Sunday, September 29, 2013

The 0-10 pain scale, as my patients understand it

"My abdominal pain? It's a 10/10."




"The pain? Oh yea, it's about a 9... Can you come back when you have my medicine? I've got to finish this tweet."




Zzzzzzzzz... zzzzzzzzzzz... zzzzzzzzz... "Hey! Weren't you supposed to bring me more drugs? I have 10/10 pa..." zzzzzzzzz





"Well, I've had this cold for awhile. My sore throat is at least a 6 all the time, but when I cough it's definitely a 10/10."




"Only out of 10? Oh no girl, it's a 20."





"Don't... worry... about... me.
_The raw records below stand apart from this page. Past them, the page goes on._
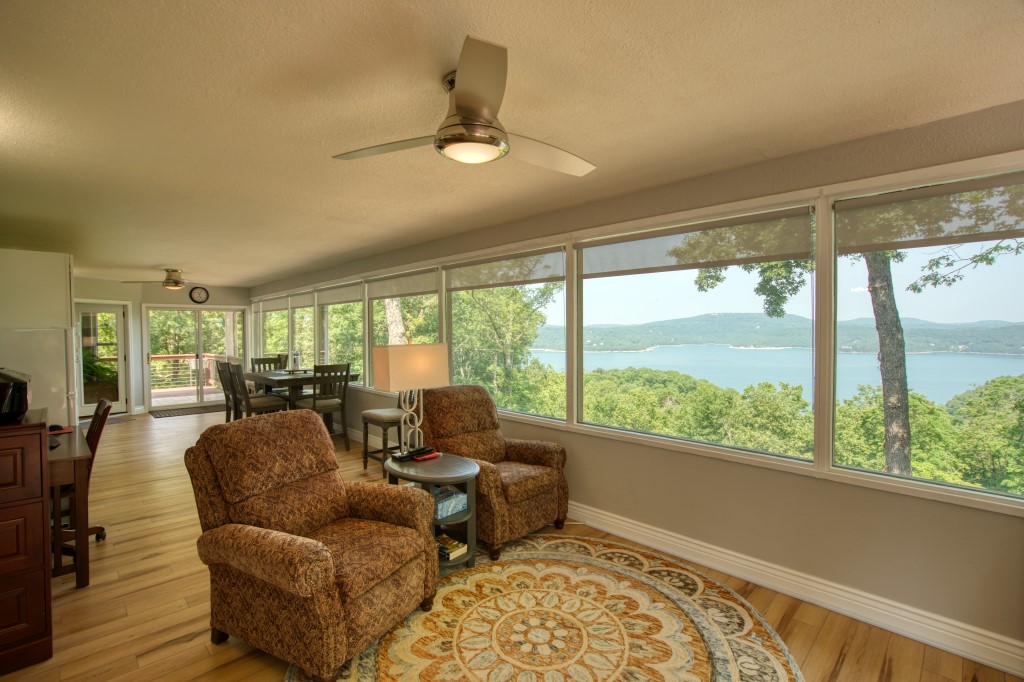 Point Mirage - Residential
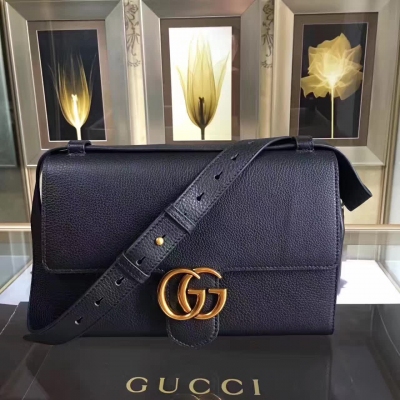 【GUCCI-古奇】十年打造專業GUCCI   市場頂級獨家控貨，專/櫃品質  採用進口牛皮，原廠五金！精緻做工。獨家實物拍照品質如圖可見 。款號：429010。尺寸：30*20*11。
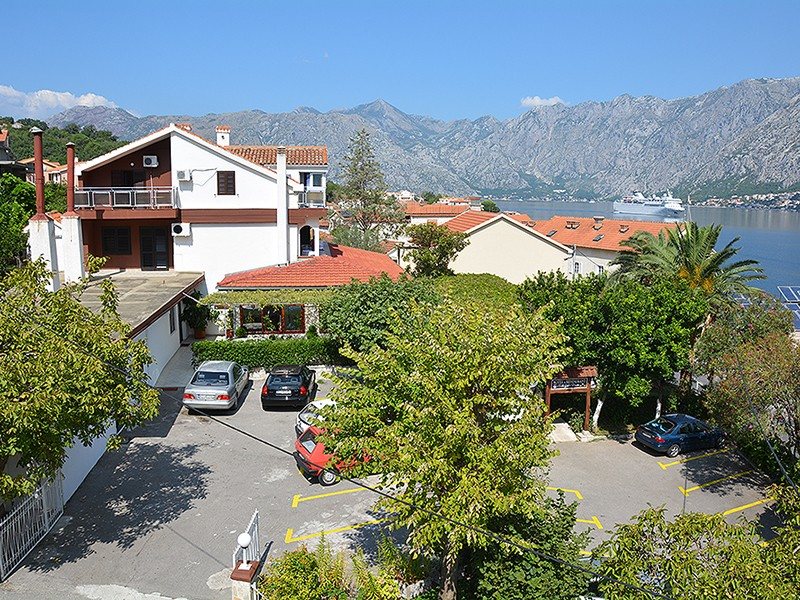 BOKELSKI DVORI 68024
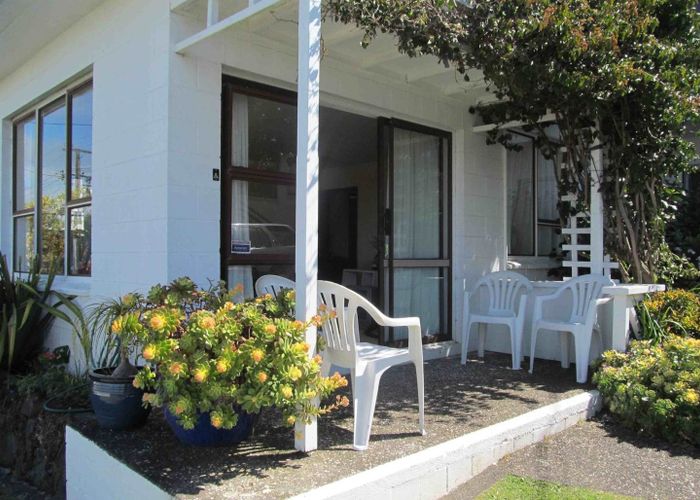  at 13a Kiteroa Terrace, Rothesay Bay, North Shore City, Auckland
It's only like a 3/10. I'm sure... you have... sicker... people... to help."


Tuesday, September 24, 2013

Patient's Words of Wisdom

"Only in the hospital do people come wake you up just to ask if you're sleeping."

Sunday, September 22, 2013

Who gets turned down?

Where I work, we get a lot of organ transplants. I love that patient population. They're my favorites actually. I think organ transplant is an amazing and miraculous advance of modern medicine. But organs are a scarce and precious commodity. Thus, there are rules in place that govern the allocation of organs and who gets a new organ. Not only does the potential recipient have to qualify medically under strict guidelines, but they also have to qualify from a psychosocial standpoint. This is to ensure that the scarce commodity that is that organ is not squandered. Being a transplant recipient is a lot of work, even and especially after being discharged from the hospital.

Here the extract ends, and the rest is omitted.